Dombrowski versuchte sogar den Krankenschwestern und den
Marketenderinnen, welche die Soldaten mit Lebensmitteln versorgten,
den Zugang zu den Schlachtfeldern zu verweigern.

Im
Gegensatz zu Louise Michel gelang Léo nach der Niederschlagung der
Kommune die Flucht in die Schweiz. Dort wollte sie 1871 auf dem
Kongress der Friedens- und Freiheitsliga die bürgerliche
Öffentlichkeit über die wahren Ziele der Kommune aufklären und die
von den Versailler begangenen Massaker brandmarken. Dazu kam es
jedoch nicht, da sie durch Zwischenrufe und aufkommenden Tumult dazu
gezwungen wurde, ihre Rede vorzeitig abzubrechen. Wie viele
Kommuneflüchtlinge, wandte sie sich nun endgültig der
sozialistisch-anarchistischen Bewegung zu.
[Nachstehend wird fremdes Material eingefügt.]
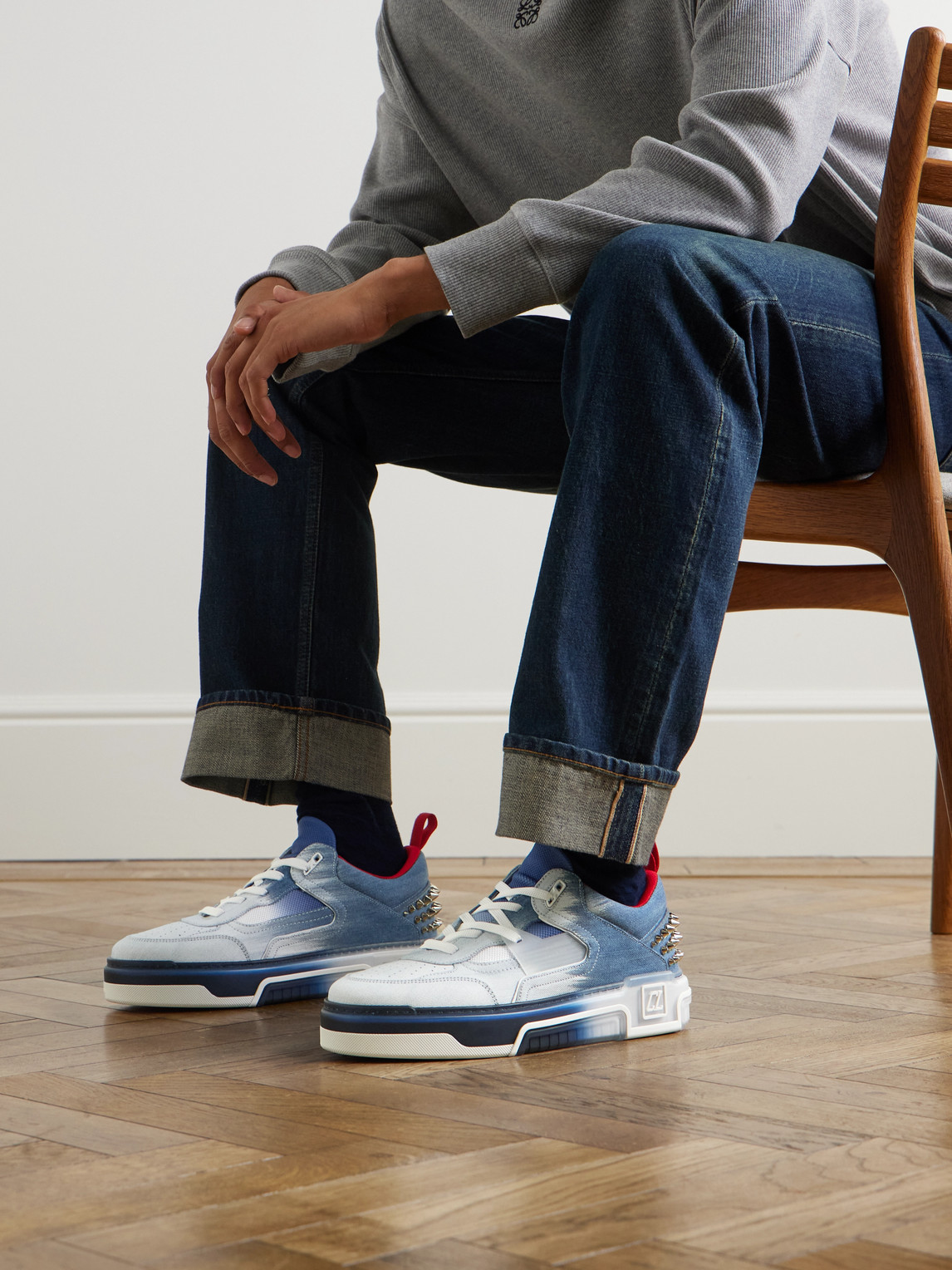 CHRISTIAN LOUBOUTIN ASTROLOUBI SPIKED DÉGRADÉ DENIM AND MESH SNEAKERS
Antizentralistische und
libertäre Positionen bei vielen der KommunardInnen waren vor und
während der Kommune vor allem in der Auseinandersetzung mit
blanquistischen und jakobinischen Strömungen entstanden.

Im
Oktober 1871 sah André Léo sich gezwungen, in der „Révolution
Sociale“ die Beschlüsse der Londoner Konferenz der
Internationalen, welche von Karl Marx einberufen, geplant und
minutiös durchgeführt worden war, zu kommentieren:

„Dass
die Göttin Freiheit uns zu Hilfe komme! Denn wir haben gegen die
jüngste päpstliche Bulle verstoßen, … indem wir die
Unfehlbarkeit des obersten Rates zur Diskussion stellen. Nun sind
also auch wir von der Exkommunizierung bedroht, und es bleibt uns
nichts anderes übrig, als unsere Seele dem Teufel der Anarchie zu
verschreiben“.

Durch
die Agitation von André Léo und die Verbreitung eines Zirkulars der
anarchistischen Sektionen, das die Kompetenzen des Generalrats nun
offen in Frage stellte, wurde der Konflikt auch in andere Länder
getragen, und die Opposition gegen den Generalrat wuchs. 1872 fand
die Marx’sche Anti-Anarchisten-Kampagne auf dem Kongress in Den Haag
mit der Spaltung der Internationalen ihren traurigen Höhepunkt.